The first step is to decide if a religious element is important to either of you. Once you have come to an agreement, seek advice. For a religious vow, family members or friends of the same religion will be a great source for vows. A religious leader or other members of your faith’s community may also have suggestions. For those marrying someone of the same religion, this may be the easiest choice of your entire wedding. For those of separate faiths, take time to discuss your options with your partner.
For the non-religious, there are plenty of options for vows. The best part of breaking from tradition is a chance to write your own vows from scratch. There are also pre-written secular vows that can be found online, but take this chance to do some soul searching and think about what your relationship means to you and your partner. The only caveat: make sure you run your vow past your wedding officiant. This will also be a chance to ensure your officiant is on the same page and comfortable with breaking from tradition.
There are plenty of websites out there cataloging vows word for word.
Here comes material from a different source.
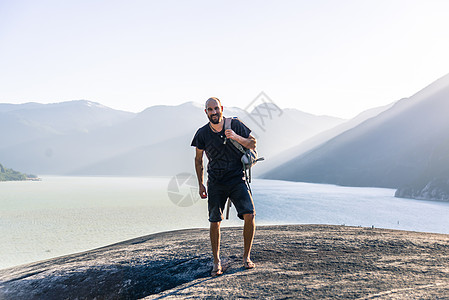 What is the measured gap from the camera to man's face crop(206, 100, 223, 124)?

In your search for the right words, you’ll want to consider the mood: serious or relaxed, serene or humorous. Your vows are your gateway to the rest of your life with your partner, so consider words that characterize your relationship.
Writing Your Own Wedding Vows
In case your creative spirit yearns for original vows, the sky’s the limit! As before, start by asking those closest to you for inspiration. As always, if all else fails, the Internet has your back. Read examples to get an idea of what vows look and sound like. Jot down your favorite words to give yourself a starting place.
Some Ideas for Writing Vows Personal to You
Next, make it personal. Your vows should reflect your relationships’ values, history, and aspirations. Here are a few things to consider incorporating:
How you met.
The highs and lows of your relationship.
Your favorite things about your partner.
How much you appreciate their love.
The most important promises for your relationship.
Your greatest hopes and fears for marriage.
If you still need ideas, include quotes, lines from poems, verses, or song lyrics. Pull from the first movie you ever watched with your partner, the song you listen to most together, a book you both bond over. Insert words from a second language special to your heritage or other homages to your culture.
Including Loved Ones in Your Vows
Also consider including a word or two about others who play an important role in your relationship. If you emulate another couples’ long-lasting marriage, speak of that loyalty. If either of you have children, include them in your vows as well as other ceremonies. Or, if you and your partner have a fur baby (dog, cat, hamster, etc.) mention their name in the family you have already created together. Above all, these vows are all about you, your partner, and your love. Whatever that means to you, use those words to make your marriage official! And whatever you decide, practice so that you know what to say in the midst of the emotions and excitement of the big day.